• **Task material**:
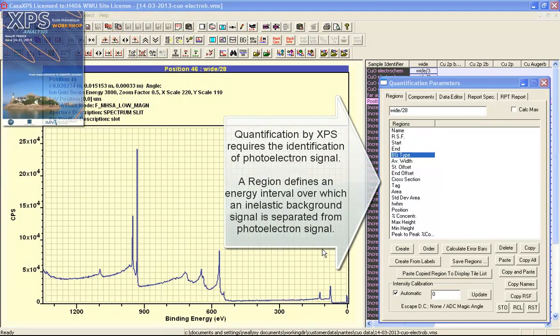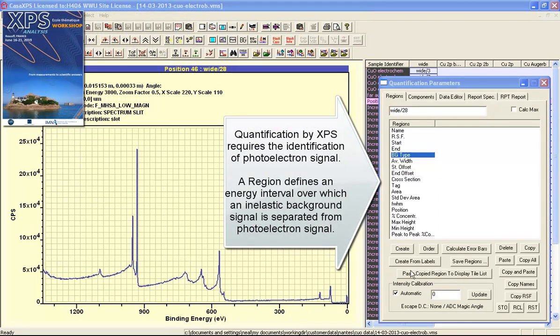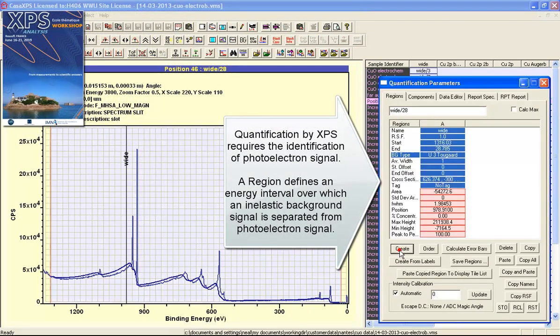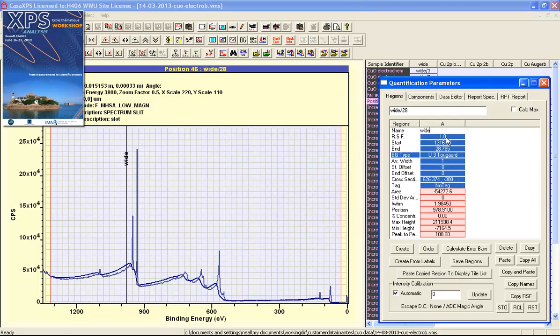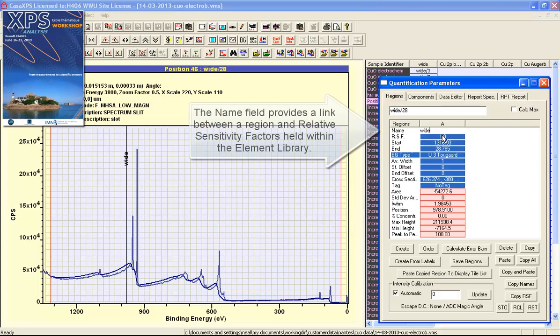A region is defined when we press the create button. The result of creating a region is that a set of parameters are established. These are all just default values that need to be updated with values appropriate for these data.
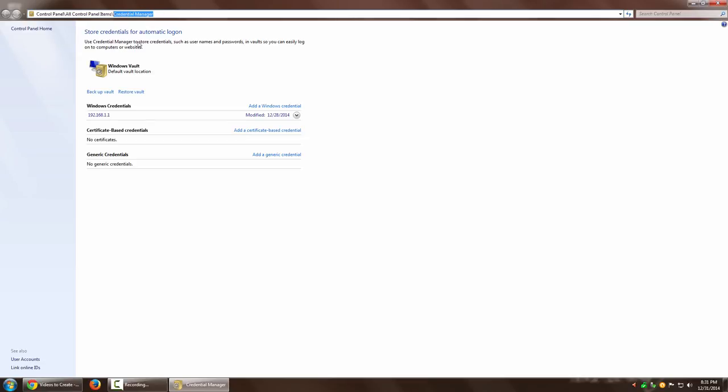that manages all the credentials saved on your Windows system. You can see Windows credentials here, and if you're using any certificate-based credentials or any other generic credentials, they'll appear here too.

--

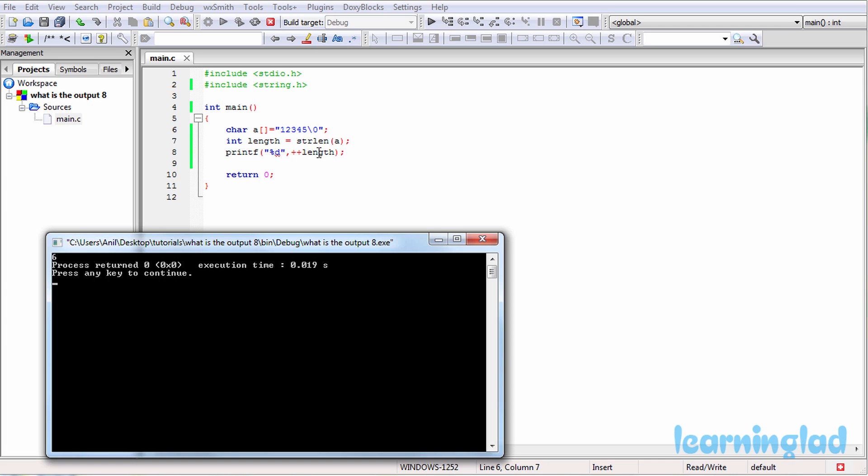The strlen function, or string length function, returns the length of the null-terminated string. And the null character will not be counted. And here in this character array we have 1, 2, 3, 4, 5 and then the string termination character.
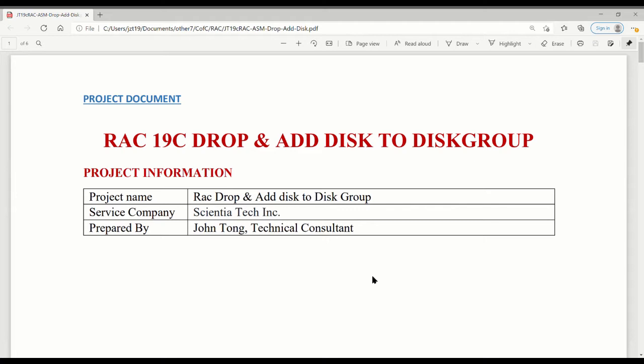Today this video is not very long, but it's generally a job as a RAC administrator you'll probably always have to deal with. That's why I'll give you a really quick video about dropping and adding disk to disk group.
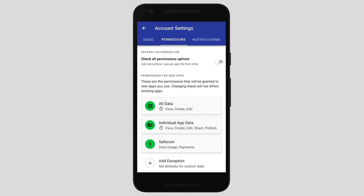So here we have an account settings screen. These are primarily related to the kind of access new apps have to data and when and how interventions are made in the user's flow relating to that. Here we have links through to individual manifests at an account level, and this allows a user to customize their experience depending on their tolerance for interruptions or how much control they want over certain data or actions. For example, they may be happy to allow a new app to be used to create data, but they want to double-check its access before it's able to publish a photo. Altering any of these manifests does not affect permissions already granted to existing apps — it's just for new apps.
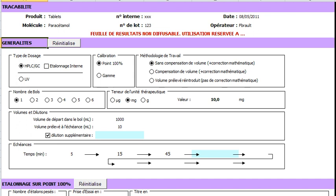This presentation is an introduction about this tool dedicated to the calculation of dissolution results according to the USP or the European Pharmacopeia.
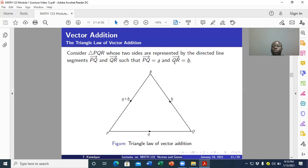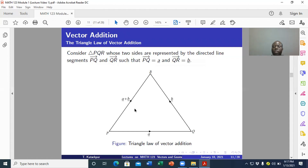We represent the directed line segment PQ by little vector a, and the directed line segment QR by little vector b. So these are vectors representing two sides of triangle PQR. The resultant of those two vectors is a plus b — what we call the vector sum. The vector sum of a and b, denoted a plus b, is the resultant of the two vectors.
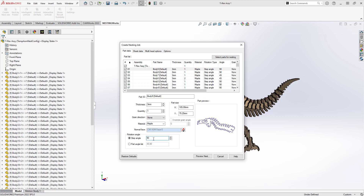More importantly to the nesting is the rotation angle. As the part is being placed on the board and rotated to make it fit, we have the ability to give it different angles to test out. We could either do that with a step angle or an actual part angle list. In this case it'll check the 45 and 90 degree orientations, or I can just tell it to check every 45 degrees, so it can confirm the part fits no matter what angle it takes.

--

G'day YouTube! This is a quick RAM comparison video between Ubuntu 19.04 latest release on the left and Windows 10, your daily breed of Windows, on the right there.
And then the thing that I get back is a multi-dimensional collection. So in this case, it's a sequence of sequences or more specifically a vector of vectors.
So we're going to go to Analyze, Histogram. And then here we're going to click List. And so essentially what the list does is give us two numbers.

• **Exercise prompt**: From the listing above, return the lines starting at the one with "G'day YouTube! This" and ending at the one with "And then the thing", both kept, exactly as they appear and nothing more.

• **Output of the exercise**:
G'day YouTube! This is a quick RAM comparison video between Ubuntu 19.04 latest release on the left and Windows 10, your daily breed of Windows, on the right there.
And then the thing that I get back is a multi-dimensional collection. So in this case, it's a sequence of sequences or more specifically a vector of vectors.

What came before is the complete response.